Many youth ministers are young, both in age and in their faith. Given all of the other responsibilities that adult pastors must juggle, nurturing the theological and spiritual development of the youth pastor can be overlooked. Furthermore, churches often view the youth department as entertainment and relationships but not a serious teaching ministry. If churches fail to take seriously the theological development of their youth pastor and to view youth ministry as a teaching and discipleship ministry above all things, then the message likely will lack biblical or doctrinal depth and contain a law-driven message.


Also in the series on youth ministry:

  • Aimee Byrd

    Much needed topic. Thank you.

  • david bartosik

    ha! “If anyone asks you about your ministry, tell them you will let them know in ten years.”

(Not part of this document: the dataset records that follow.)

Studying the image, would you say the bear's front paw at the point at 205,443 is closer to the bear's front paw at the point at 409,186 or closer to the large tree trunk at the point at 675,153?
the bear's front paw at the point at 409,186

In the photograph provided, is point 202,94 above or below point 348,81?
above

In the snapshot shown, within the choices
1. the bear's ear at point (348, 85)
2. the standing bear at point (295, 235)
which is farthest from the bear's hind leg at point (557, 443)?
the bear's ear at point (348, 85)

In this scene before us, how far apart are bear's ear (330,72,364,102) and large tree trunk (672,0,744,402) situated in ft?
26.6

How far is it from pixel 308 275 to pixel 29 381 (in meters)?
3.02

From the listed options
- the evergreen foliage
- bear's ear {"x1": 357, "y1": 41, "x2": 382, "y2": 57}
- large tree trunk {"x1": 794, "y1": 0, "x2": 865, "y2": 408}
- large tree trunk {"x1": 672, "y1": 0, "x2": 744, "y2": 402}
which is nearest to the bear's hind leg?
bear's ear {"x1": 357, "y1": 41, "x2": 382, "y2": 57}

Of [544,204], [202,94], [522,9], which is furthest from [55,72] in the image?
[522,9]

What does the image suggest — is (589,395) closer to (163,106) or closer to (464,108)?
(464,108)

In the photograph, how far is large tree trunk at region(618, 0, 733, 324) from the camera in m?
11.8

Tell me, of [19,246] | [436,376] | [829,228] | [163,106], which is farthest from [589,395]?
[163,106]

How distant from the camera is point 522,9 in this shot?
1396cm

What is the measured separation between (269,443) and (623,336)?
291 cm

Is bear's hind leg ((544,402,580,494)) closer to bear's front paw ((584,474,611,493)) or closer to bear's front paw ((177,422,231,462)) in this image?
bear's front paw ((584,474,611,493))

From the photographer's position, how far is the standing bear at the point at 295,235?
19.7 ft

    You say results like its a bad thing. Results/success/goals….all good. Maybe the challenge would be clarifying what healthy goals and results and successes will look like.

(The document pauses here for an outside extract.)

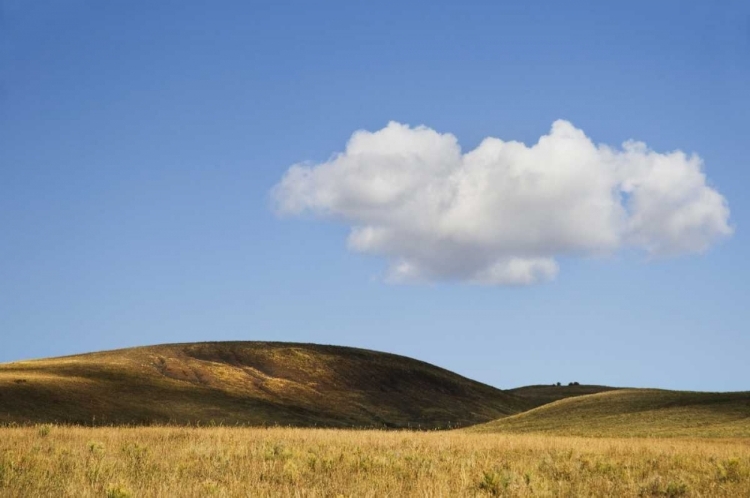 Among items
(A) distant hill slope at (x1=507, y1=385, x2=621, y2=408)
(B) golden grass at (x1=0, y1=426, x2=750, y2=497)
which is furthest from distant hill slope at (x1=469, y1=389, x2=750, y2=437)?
(A) distant hill slope at (x1=507, y1=385, x2=621, y2=408)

    I want successful ministry… me find those parameters and boundaries that make it acceptable, but don’t tell me that wanting results are bad.

    Stoked for more theologically saturated youth ministry posts :)

  • Mark Soni

    Exactly my thoughts. I believe preaching the Gospel to a regular congregation should be done the same way to the youthies. Its the power of the Holy Spirit that produces fruit in the lives of children, and to teach them rightly and Biblically is our prerogative and will make a fruitful ministry.

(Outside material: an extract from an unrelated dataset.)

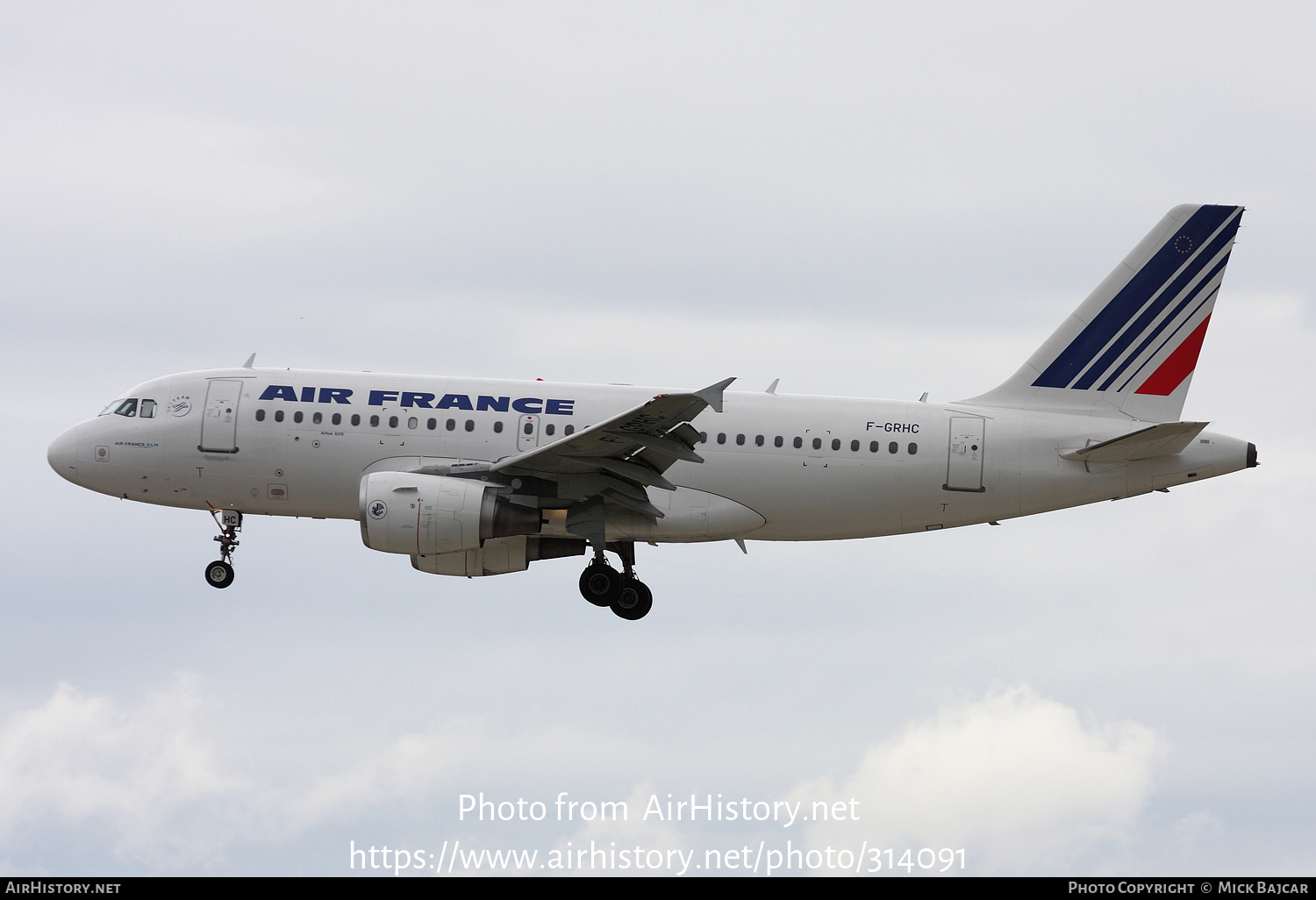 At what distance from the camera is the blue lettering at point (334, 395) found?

    The author made an excellent point in that its sometimes frustrating when you don’t see immediate results of ministry in the lives of youth. Its a faithful reminder that the youth pastor, youth workers, and church staff pray for one another in accountability and in encouragement, and to remember that discipleship is a slow roll: Peter struggled during Jesus’ ministry, wrote God-glorifying Epistles later in the NT.

    What I love about the Gospel is that in all levels of life is that we have a Shepherd who understands all our sorrows and pain, especially through the troubles of youth and growing up. Sharing the Gospel and how His grace is extended to the youth group will have more in-roads than just teaching kids to be upstanding, moralistic people. When teaching moralism, what ends up happening most of the time, and I know this has happened in my life, is to see disappointment in myself when I come up short when I face the sin in my life, thinking that a true risen Savior would keep me from such troubles and sins.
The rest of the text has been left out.